MOSCOW — With the Kremlin’s preferred candidates barely holding on to a majority of the Moscow city council after Sunday’s election, opposition leader Alexei Navalny was in a jubilant mood Monday.
Navalny was thrilled because the groups arrayed against President Vladimir Putin’s United Russia party showed, for once, that when they put aside their differences and act in concert, they can make serious inroads. But those differences are not minor. The coalition that took 20 of the 45 seats in the council was one strictly of convenience, not of ideology.
Navalny had pursued a strategy of “smart voting,” supporting the one candidate in each district who stood the best chance of beating the Kremlin’s surrogate. That put liberals like Navalny — who once played the nationalist card but has dropped it in recent years — on the same side as the Communist Party, and it put 13 Communists on the city council in contrast with four liberals. The other three opposition winners were from a party called Just Russia, which is ideologically closer to the Communists than anyone else.
“In any case this is a fantastic result of smart voting, and we’ve been struggling for this result all together. Thank you all for your participation,” Navalny wrote on Twitter.
Once the council, or city Duma, gets down to business, though, “I don’t believe they can create something like a coalition,” said Tatiana Stanovaya, the head of a think tank called R.Politik. “They will not work together.”
Last month, at a Communist Party rally in Moscow, its leader, Gennady Zyuganov, attacked the liberals as being under the sway of foreign governments. While banners with Stalin’s likeness flapped in the breeze, he talked about his party’s wish “to restore the Soviet Union in a new form.”
That is not what Navalny and his allies envision.

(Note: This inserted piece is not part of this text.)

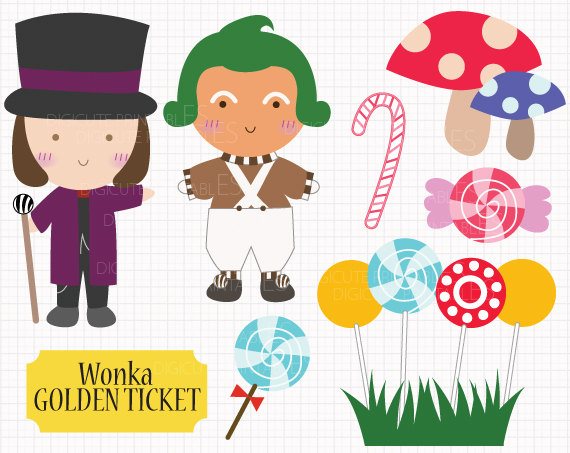 Film Inspired Willy Wonka and the Chocolate Factory Digital CLIP ARTS personal commercial use for invitation, cupcake topper, party supplies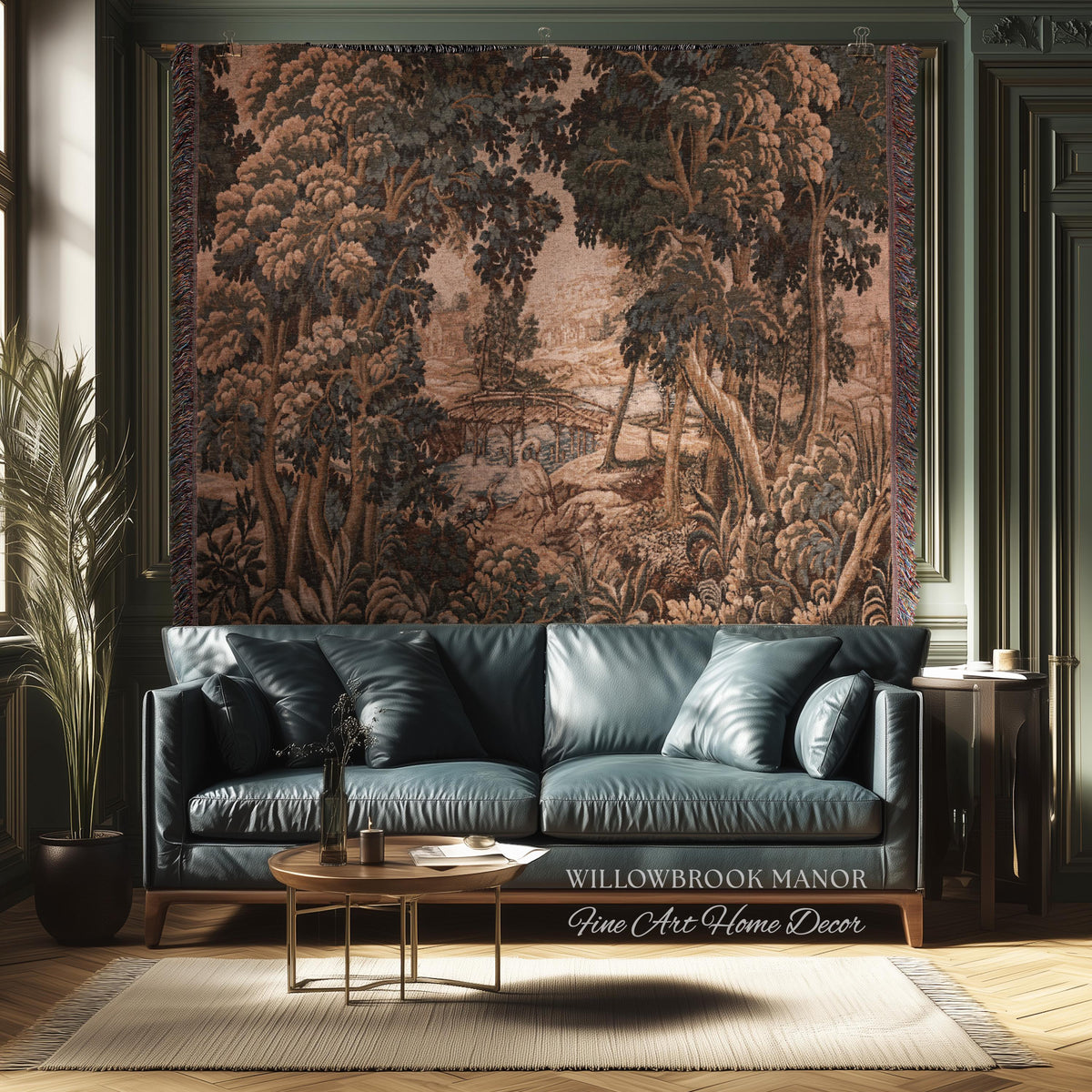 Jacquard French Pastoral Scenic Wall Tapestry Woven Rustic River Art | Classical Home Decor Vintage Verdure Heron Bird Nature Wall Hanging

The Communist Party is often disdained by urban liberals as a tame grouping nurtured by the Kremlin to give the appearance of democratic opposition in Russia. But it is misguided, Stanovaya said, “to think the Communists are a party that always plays the game with the Kremlin, that they’re under Kremlin control.”
There are party branches all over Russia, creating a strong and widespread network. As quiescent as it has been, Stanovaya said that if it were galvanized, it could pose a bigger threat to the Kremlin than the liberals could ever dream of.
But Putin and his allies can hardly call Sunday’s nationwide voting anything but a success. Every single governor’s race went to the candidate with Kremlin backing. Even as United Russia went to some lengths to hide its identity — taking on different local names or arranging for candidates to run as “independents” — it did better overall, by far, than any other party.
“On the whole, the past election campaign around Russia was very, very successful for the United Russia party. It might have gotten more seats at some places and fewer at others, but on the whole, the party showed its political leadership nationwide,” Dmitry Peskov, a Kremlin spokesman, told journalists on Monday.
Moscow was the party’s main trouble spot. The head of the Moscow party organization, Andrei Metelsky, lost his bid for a council seat after a season of revelations by Navalny’s organization about his wealthy lifestyle.
Mayor Sergei Sobyanin, who hoped to create a trouble-free campaign this summer by forcing Navalny’s allies off the ballot, instead presided over large street protests and a brutal police crackdown. That seems to have done more to electrify Moscow’s voters than anything a candidate might have tried.
Ilya Yashin, an opposition activist who was among those stricken from the ballot, said Monday that Sobyanin was the big loser in the election.
“The fact that he publicly expressed solidarity with the security forces, and talked about ‘mass chaos,’ was intended as a sign to the Kremlin of his reliability,” Yashin wrote on Facebook. “But the problem is, the government has become a failure, and despite its huge resources, as it turned out, it can’t control the city.”
Sobyanin was measured in his response to the election.
The elections “were perhaps the most emotional and truly competitive elections in recent history. There were about five candidates running in every district. Passions flared,” said a statement on his website. “The Duma has become more politically diverse. Hopefully, the city parliament will benefit from that. I congratulate all elected deputies. I am hoping for constructive work for the good of our beloved city and that of Muscovites.”
The most serious election day problems were reported in St. Petersburg, including attempts to bribe voters, commit fraud and assault observers. The vote-counting was proceeding slowly Monday, and the head of the Central Election Commission, Ella Pamfilova, urged the local election board not to hurry but to get the count right.